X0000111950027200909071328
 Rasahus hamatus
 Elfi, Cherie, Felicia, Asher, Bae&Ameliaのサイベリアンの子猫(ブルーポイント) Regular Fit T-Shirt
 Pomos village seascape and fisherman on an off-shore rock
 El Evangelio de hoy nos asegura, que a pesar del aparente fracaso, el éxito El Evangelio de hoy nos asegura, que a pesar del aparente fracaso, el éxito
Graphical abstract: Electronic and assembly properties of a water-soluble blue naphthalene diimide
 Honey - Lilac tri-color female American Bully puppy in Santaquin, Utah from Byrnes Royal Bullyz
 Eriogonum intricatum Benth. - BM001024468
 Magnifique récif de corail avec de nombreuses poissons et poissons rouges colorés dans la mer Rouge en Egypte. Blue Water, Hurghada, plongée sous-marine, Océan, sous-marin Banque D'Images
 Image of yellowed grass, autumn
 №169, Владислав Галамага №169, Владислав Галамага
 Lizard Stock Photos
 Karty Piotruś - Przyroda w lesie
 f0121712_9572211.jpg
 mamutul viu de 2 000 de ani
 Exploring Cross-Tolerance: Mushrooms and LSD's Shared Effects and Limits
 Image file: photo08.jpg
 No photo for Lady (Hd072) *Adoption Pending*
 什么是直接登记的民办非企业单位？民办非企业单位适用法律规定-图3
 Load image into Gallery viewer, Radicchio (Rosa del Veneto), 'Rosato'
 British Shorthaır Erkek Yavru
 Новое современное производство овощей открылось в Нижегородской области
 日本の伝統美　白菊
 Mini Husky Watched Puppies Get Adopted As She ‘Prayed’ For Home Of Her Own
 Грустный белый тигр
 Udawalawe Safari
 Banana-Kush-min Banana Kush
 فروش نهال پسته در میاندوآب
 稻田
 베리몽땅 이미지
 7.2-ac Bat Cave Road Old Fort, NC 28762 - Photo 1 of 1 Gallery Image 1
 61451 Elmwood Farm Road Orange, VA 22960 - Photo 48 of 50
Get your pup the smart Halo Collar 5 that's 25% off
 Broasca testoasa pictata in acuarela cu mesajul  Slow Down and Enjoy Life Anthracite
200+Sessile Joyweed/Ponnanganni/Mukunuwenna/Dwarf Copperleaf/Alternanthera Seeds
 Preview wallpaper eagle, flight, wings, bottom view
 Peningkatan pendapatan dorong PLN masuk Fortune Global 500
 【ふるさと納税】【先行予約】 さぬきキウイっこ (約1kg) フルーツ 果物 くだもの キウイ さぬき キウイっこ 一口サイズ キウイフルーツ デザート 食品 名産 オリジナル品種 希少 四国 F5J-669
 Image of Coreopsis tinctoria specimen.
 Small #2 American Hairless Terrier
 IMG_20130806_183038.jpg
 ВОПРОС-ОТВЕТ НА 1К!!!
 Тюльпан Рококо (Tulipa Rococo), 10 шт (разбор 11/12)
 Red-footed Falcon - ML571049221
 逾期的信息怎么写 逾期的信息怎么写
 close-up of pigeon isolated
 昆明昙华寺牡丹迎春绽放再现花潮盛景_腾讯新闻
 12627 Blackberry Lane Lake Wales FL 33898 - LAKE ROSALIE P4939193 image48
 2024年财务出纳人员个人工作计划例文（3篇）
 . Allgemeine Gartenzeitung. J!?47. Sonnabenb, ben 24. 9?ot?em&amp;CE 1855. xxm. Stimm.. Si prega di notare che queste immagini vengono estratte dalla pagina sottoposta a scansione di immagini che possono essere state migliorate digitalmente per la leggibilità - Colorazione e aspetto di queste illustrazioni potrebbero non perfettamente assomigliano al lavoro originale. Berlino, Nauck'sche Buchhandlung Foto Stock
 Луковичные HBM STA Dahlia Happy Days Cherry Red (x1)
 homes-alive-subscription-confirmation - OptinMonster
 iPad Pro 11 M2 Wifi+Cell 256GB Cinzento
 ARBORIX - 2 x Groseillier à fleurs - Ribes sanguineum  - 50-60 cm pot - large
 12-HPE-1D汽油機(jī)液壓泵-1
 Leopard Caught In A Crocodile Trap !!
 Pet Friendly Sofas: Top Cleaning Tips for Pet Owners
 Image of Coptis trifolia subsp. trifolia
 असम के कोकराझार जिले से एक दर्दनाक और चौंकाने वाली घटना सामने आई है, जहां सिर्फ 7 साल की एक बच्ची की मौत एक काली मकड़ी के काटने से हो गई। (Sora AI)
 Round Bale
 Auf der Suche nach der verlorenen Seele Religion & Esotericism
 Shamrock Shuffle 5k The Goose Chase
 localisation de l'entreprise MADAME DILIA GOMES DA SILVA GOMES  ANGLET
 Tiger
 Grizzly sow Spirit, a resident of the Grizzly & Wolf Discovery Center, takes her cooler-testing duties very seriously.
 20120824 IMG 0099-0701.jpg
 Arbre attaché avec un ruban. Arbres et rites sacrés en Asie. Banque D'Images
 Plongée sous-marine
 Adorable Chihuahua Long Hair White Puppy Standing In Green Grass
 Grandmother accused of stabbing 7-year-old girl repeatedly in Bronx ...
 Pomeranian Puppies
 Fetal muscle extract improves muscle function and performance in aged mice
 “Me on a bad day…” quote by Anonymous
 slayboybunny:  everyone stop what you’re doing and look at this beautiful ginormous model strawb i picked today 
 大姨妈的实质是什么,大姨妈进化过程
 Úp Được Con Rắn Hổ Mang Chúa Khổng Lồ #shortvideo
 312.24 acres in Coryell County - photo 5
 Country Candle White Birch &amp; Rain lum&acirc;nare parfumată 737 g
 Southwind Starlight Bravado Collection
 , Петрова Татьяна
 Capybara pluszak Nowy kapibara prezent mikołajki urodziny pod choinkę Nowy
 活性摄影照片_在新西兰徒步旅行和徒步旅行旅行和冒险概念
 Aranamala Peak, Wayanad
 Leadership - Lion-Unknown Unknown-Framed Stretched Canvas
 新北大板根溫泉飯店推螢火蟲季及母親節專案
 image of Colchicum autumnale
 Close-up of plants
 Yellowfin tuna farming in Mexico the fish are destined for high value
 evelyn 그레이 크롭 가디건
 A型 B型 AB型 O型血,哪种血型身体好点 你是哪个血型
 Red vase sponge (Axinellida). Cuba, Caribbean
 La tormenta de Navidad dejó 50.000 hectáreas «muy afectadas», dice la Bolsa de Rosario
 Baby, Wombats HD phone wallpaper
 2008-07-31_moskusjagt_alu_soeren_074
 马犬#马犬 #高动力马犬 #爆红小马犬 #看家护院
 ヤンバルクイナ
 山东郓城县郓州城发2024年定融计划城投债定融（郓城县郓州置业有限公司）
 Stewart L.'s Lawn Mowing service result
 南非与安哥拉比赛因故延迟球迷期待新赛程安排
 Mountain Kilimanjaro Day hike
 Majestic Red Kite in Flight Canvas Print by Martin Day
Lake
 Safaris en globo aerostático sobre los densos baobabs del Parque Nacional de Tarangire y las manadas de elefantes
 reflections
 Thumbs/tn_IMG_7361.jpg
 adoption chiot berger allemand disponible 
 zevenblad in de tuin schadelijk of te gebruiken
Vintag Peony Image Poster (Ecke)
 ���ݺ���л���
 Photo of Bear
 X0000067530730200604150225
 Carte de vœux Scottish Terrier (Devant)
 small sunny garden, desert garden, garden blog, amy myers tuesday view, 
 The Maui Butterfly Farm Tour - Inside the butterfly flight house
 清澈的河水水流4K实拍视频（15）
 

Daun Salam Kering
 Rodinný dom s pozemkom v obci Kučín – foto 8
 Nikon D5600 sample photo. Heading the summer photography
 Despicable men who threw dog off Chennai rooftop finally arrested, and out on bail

------------

• **ABOUT THIS TASK**
Which lines of the listing contain the string "marine"? Copy each of them.

• **SOLUTION FOR THIS PROBLEM**
 Magnifique récif de corail avec de nombreuses poissons et poissons rouges colorés dans la mer Rouge en Egypte. Blue Water, Hurghada, plongée sous-marine, Océan, sous-marin Banque D'Images
 Plongée sous-marine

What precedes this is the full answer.